#### TASK TO COMPLETE:
Look through the entries for the string "ceiling", and copy each line that holds it.

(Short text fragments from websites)
^^^^^^^^

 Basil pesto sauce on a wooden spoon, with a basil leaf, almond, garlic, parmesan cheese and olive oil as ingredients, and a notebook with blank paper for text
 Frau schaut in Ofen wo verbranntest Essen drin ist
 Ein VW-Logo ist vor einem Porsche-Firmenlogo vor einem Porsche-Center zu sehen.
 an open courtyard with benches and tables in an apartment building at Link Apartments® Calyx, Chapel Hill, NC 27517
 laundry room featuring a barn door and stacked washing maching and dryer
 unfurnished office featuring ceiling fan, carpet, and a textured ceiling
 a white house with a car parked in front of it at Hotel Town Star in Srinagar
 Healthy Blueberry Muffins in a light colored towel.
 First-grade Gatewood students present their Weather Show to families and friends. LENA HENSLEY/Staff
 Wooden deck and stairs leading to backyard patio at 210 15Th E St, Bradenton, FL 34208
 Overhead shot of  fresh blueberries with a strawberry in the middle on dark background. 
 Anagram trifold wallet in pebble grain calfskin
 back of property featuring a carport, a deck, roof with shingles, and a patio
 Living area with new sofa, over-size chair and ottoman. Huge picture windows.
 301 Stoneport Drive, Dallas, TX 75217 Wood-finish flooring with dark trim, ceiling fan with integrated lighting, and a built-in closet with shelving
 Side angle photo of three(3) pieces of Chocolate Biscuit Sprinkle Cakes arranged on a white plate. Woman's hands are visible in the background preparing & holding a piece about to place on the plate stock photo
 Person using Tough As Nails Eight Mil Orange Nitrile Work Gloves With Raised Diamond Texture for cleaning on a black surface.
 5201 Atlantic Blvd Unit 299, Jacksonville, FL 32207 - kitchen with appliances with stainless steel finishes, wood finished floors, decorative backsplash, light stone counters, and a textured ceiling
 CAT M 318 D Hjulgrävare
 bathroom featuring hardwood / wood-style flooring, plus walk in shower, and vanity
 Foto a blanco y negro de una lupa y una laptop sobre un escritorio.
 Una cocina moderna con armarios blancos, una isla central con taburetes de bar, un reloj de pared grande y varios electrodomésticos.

^^^^^^^^

#### SOLUTION:
 unfurnished office featuring ceiling fan, carpet, and a textured ceiling
 301 Stoneport Drive, Dallas, TX 75217 Wood-finish flooring with dark trim, ceiling fan with integrated lighting, and a built-in closet with shelving
 5201 Atlantic Blvd Unit 299, Jacksonville, FL 32207 - kitchen with appliances with stainless steel finishes, wood finished floors, decorative backsplash, light stone counters, and a textured ceiling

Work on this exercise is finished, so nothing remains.